Even the clearest water has at least some particles suspended in it — sand, silt, plankton, who knows what — and most of the time, in most places, the water isn’t really all that clear. In fact, during a plankton bloom or after a storm that has caused a lot of runoff, you might just as well leave your camera on the boat. Light from a camera strobe has a nasty habit of bouncing back from any particulate matter that it encounters between the camera lens and the subject. The result is the bane of underwater photography: backscatter. Your images will look as though they were taken in a blizzard.
The backscatter problem can be mitigated in several ways. Being as close as possible to the subject is one strategy. Nearness minimizes the volume of water between the lens and the subject, so the number of suspended particles is proportionately reduced as well.
Another strategy is to take advantage of the Law of Reflection by aiming your strobe(s) at an angle such that the light rays emitted will bounce (reflect) off any particles in some direction other than back toward your lens. Usually this means lighting the subject with one or more strobes positioned off to the side(s) of the subject, as opposed to aiming them straight ahead.

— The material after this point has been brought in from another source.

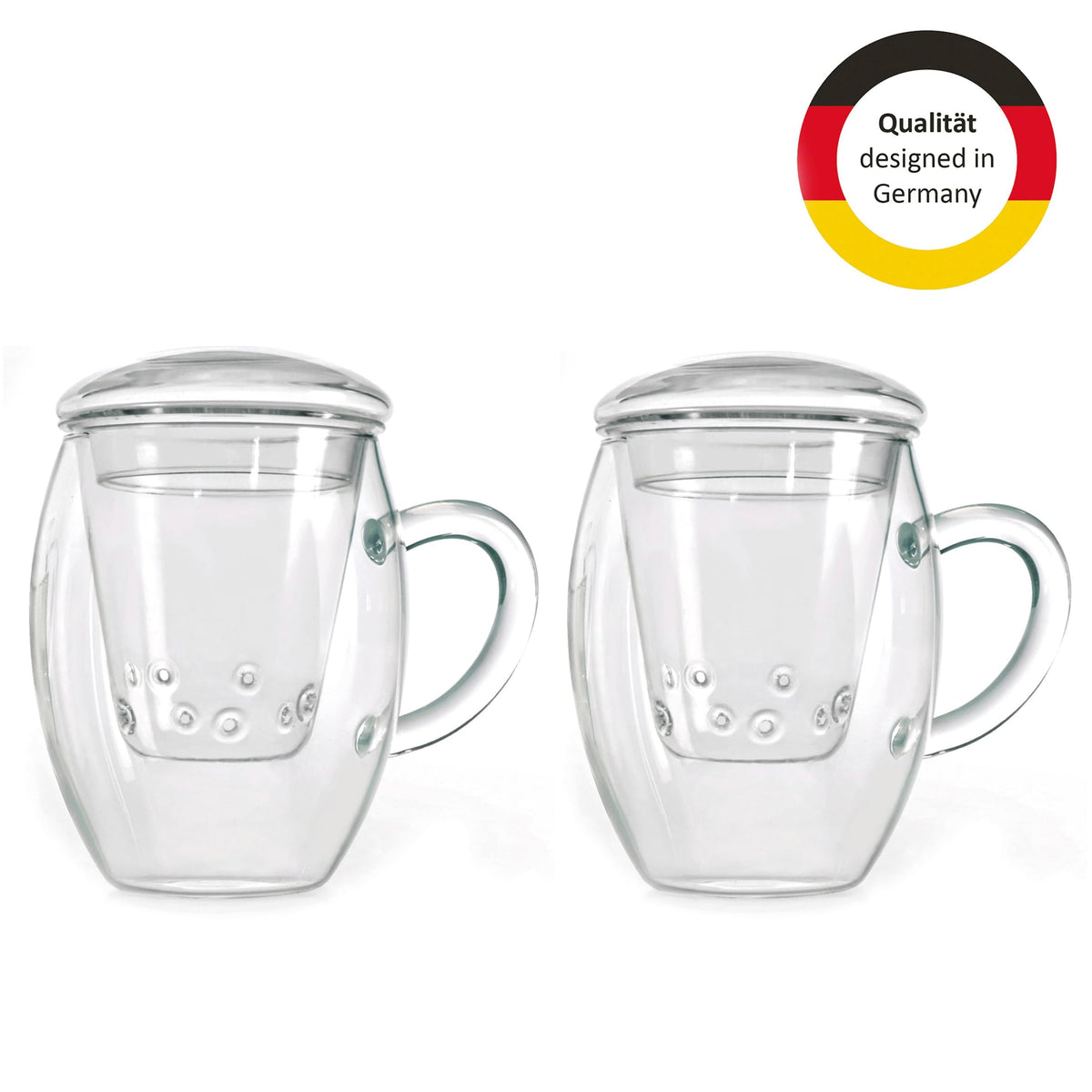 2x All-In-One Tea Glass with integrated Glass Filter and Lid - 14oz (400ml) (2 Count)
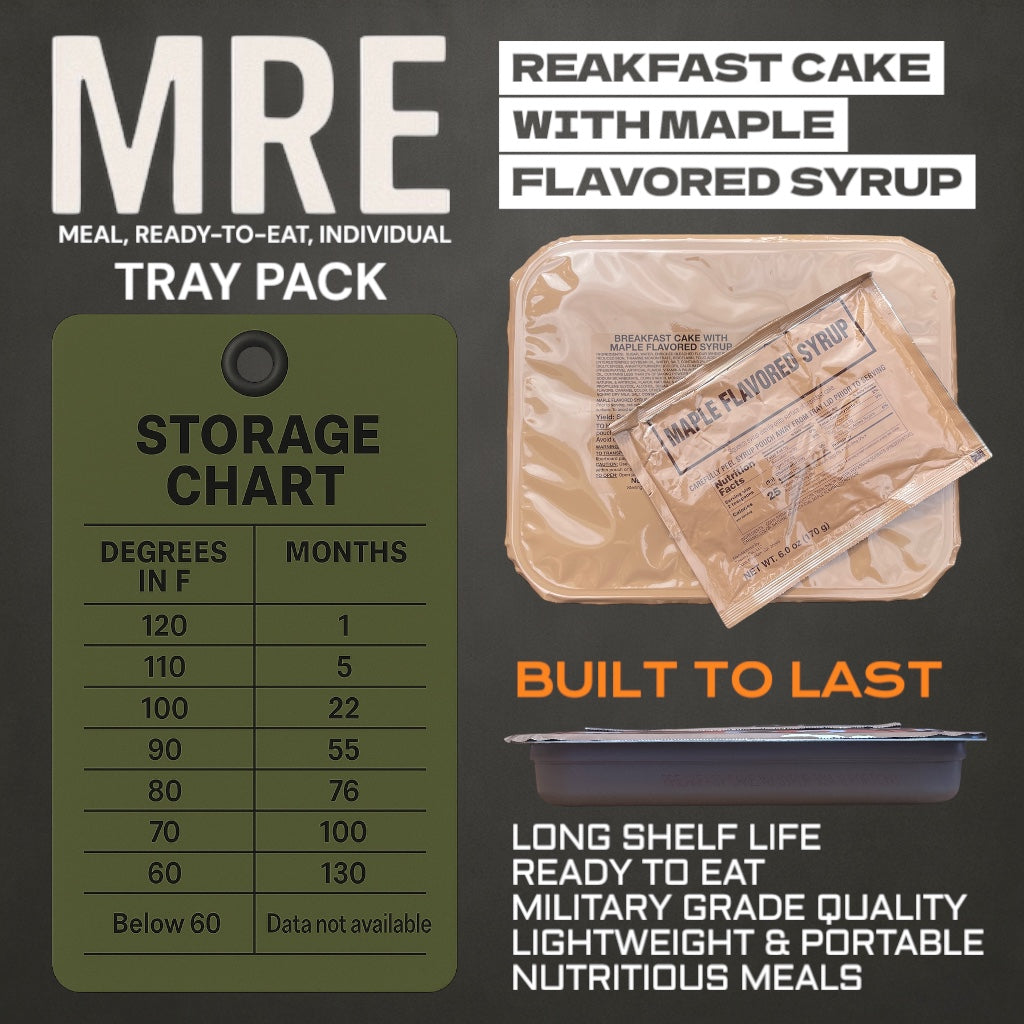 Military MRE Tray Pack, Breakfast Cake with Maple Syrup, Ready to Eat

Remember, though, that the Law of Reflection assumes that the incident ray will be reflected from a flat, mirror-like surface. I think it’s safe to say that, in the underwater world, the particles from which the light rays will be reflected are likely neither mirror-like nor flat. Instead they can be virtually any shape, and that irregularity will affect the angle of reflection. So, this strategy won’t completely eliminate the potential for backscatter, but it can go a long way toward minimizing the problem.
Of course, these days you can use photo editing software to correct for backscatter, at least up to a point. A few ‘dots’ here and there usually can be made to disappear, but if you have an image that really does look like it was shot during a blizzard, eliminating all the backscatter can be a monumental — and sometimes impossible — task.
Below are four macro images that originally had at least some backscatter. Each has been corrected using the Microsoft Digital Image Editor scratch removal tool.
The first image had only a few dots of backscatter that were very easily removed. The subject is an arm of a crinoid — probably Heterometra savignyi — from the Red Sea.
The second image, below, is a White Speckled Hermit Crab (Paguristes punticeps), a Caribbean species. It was photographed in the Cayman Islands.
Next is a Bryozoan species from Hawaii, Crisina radians, also known by its common name, Tuning Fork Bryozoan. These fan-like colonies are very small; the one pictured was approximately 1.5 cm (about a half inch) wide.
The final image shows one of the most common nudibranchs found in Hawaii, Phyllidiella pustulosa. By the way, in natural light those pink nodules look green. The pink color is apparent only when the creature is lighted artificially underwater. This individual was about 5 cm (2 inches) long.